Looking at this Tractor. Everytime I see a used one ( not often enough) They are all manufactured in 2008. Was there a weak point, on the 2008 tractor that was fixed later on?


Very suspicious... From overseas to America... If there is one for Sale, it's a 2008.

Untitled Page

Current Inventory/Pre-Owned Inventory from JCB, Inc.


----------



## farmertim (Dec 1, 2010)

Hi, Tony,
Try this, JCB MIDI CX, Used JCB MIDI CX, JCB MIDI CX For Sale At MachineryTrader.com - Page 1

there is some 08 stuff but in my opinion companies get rid of 3 year old stuff because that is when things start to fall off and warranty is over,
Cheers
:aussie:


----------



## Hoodoo Valley (Nov 14, 2006)

Second that.
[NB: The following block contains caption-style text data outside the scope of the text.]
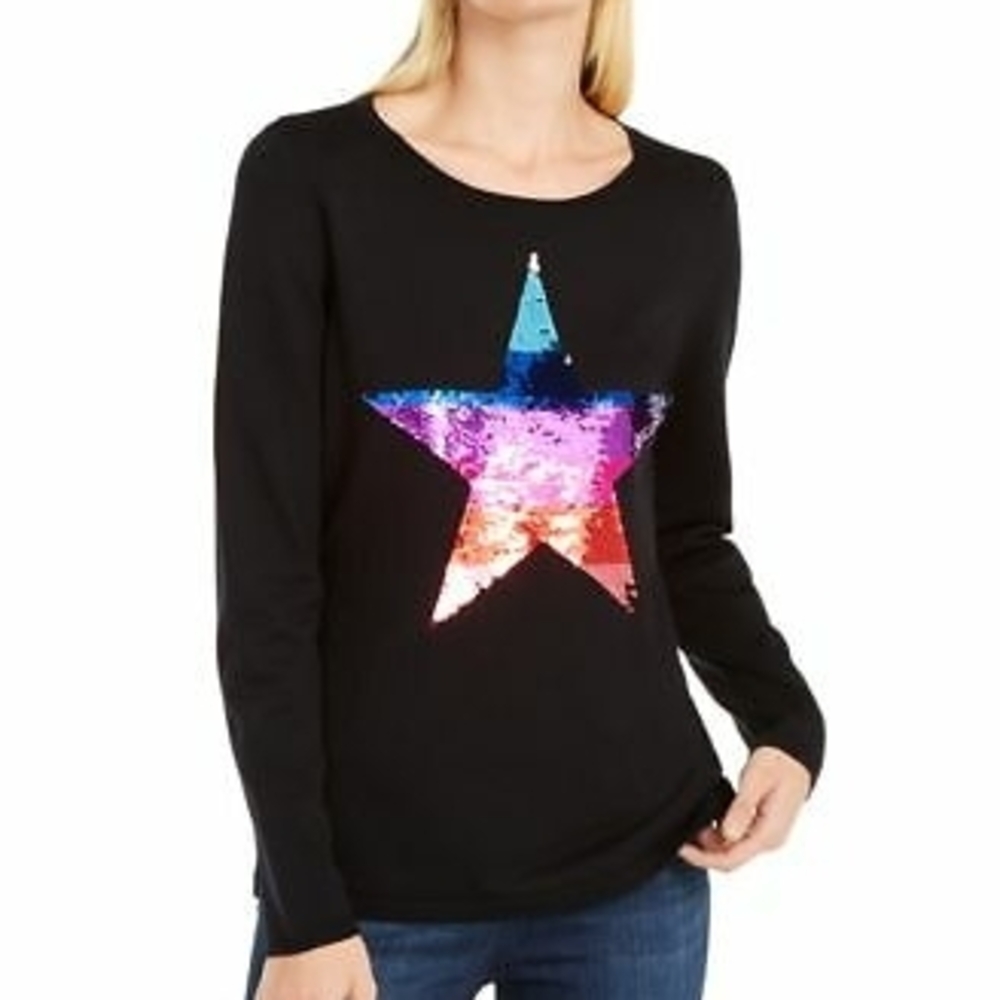 INC International Concepts Black Top with Multicolor Sequin Star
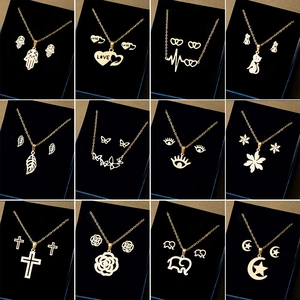 Stainless Steel Necklace And Earrings Jewelry Gold Plated Cross Heart Hamsa Hand Evil Eye Trendy Geometric For Women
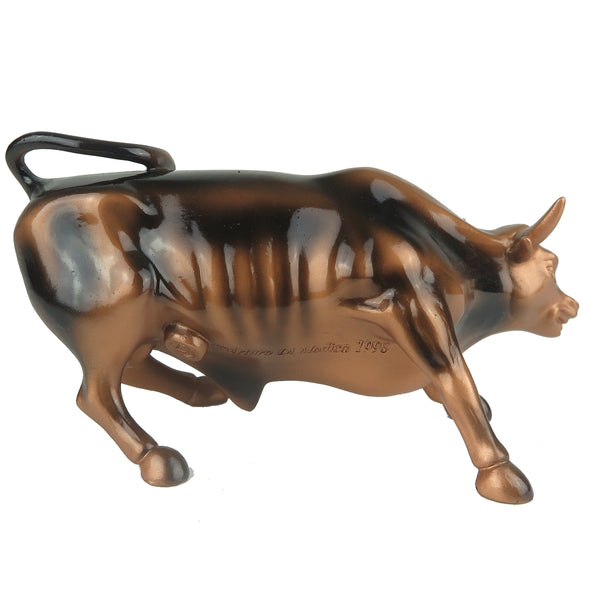 Medium 5 Official Licensed Bronze Wall Street Charging Bull Stock Market NYC Figurine Statue with Base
Usually after X amount of hours too, which equates to around 3 years, a company will dump a machine preferring a machine payment over getting into down time with higher hour units. JCB makes a great machine.


----------



## TonyH (May 18, 2011)

That makes sense. 
I will be using this as a home tractor.. so I'm hoping to buy 'overkill' and never have to buy again. I figure the hours I put on in my lifetime is probably equivalent to what a Company would put on a machine working 40 hours a week for a full year. 
One purchase and then just maintain the Fluids and rubber parts. I hope


----------